START SUPPLIED INFORMATION
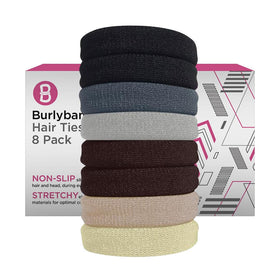 Burlybands front packaging showing multi-color large hair ties and benefits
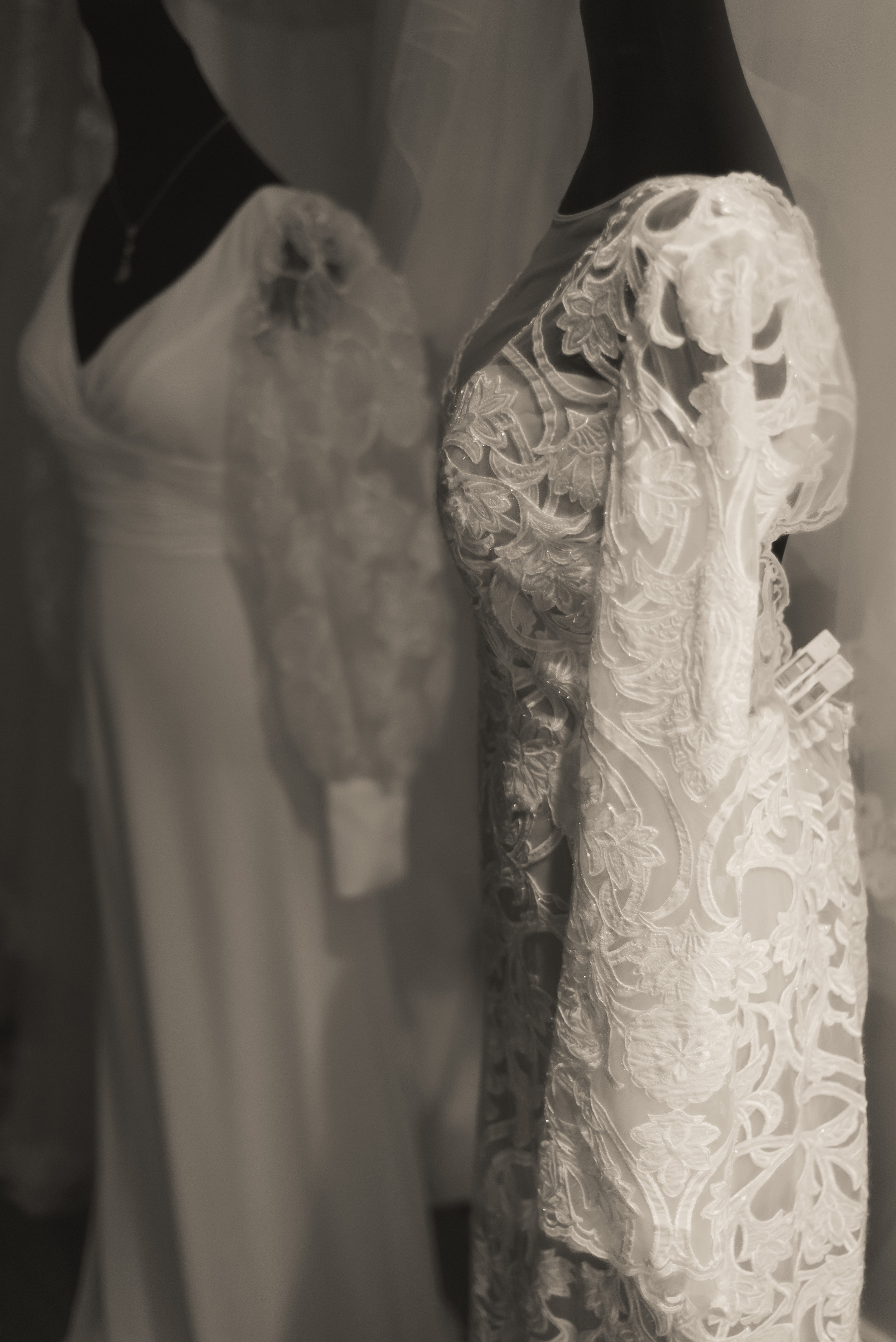 Wedding dresses in a bridal shop.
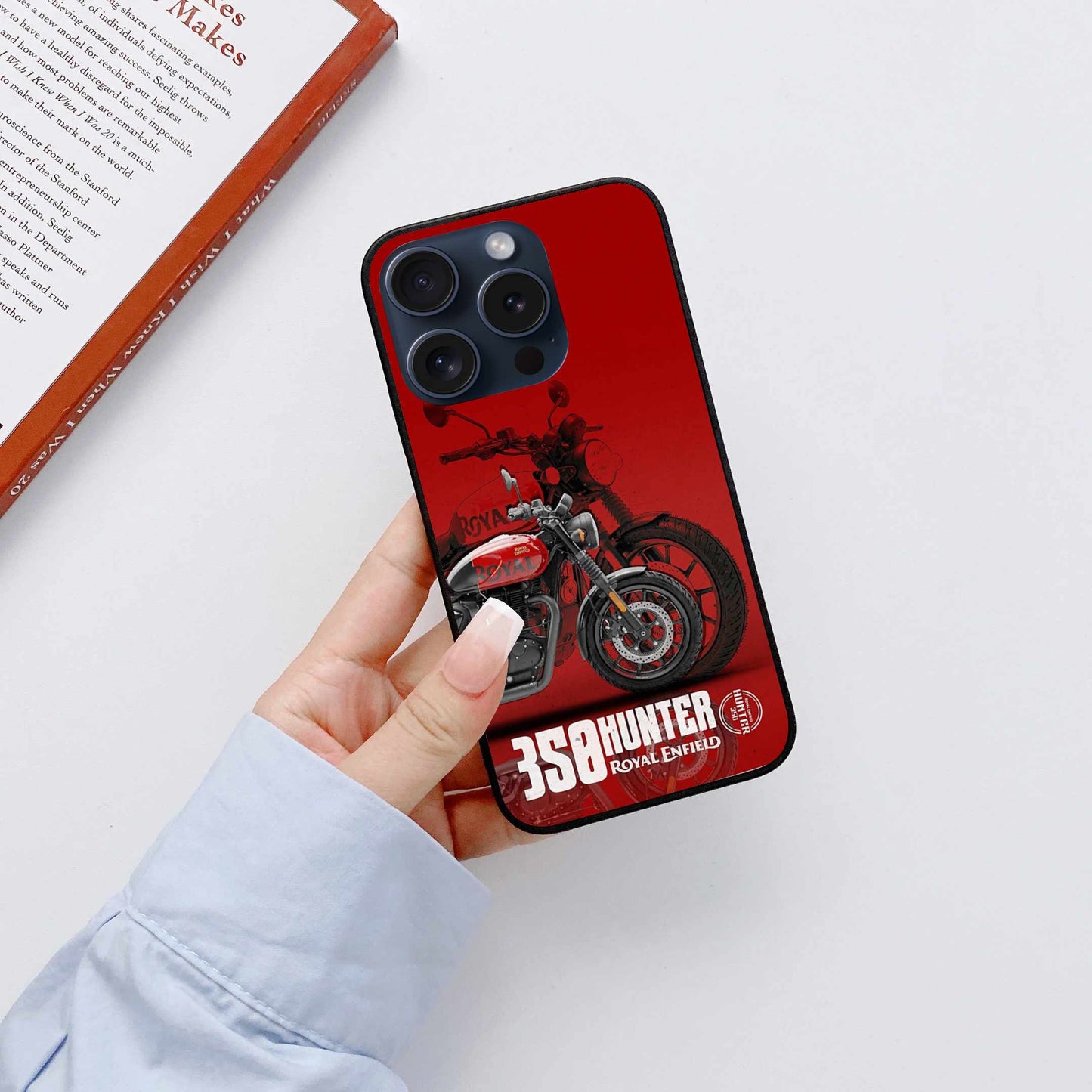 Royal Enfield Hunter 350 iPhone Original Glass Cover – Bold Red Classic Edition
END SUPPLIED INFORMATION
▶ _TASK TO CARRY OUT_:
Print all of the material exactly. Omit pictures.

▶ _EXERCISE RESULT_:
 Burlybands front packaging showing multi-color large hair ties and benefits
 Wedding dresses in a bridal shop.
 Royal Enfield Hunter 350 iPhone Original Glass Cover – Bold Red Classic Edition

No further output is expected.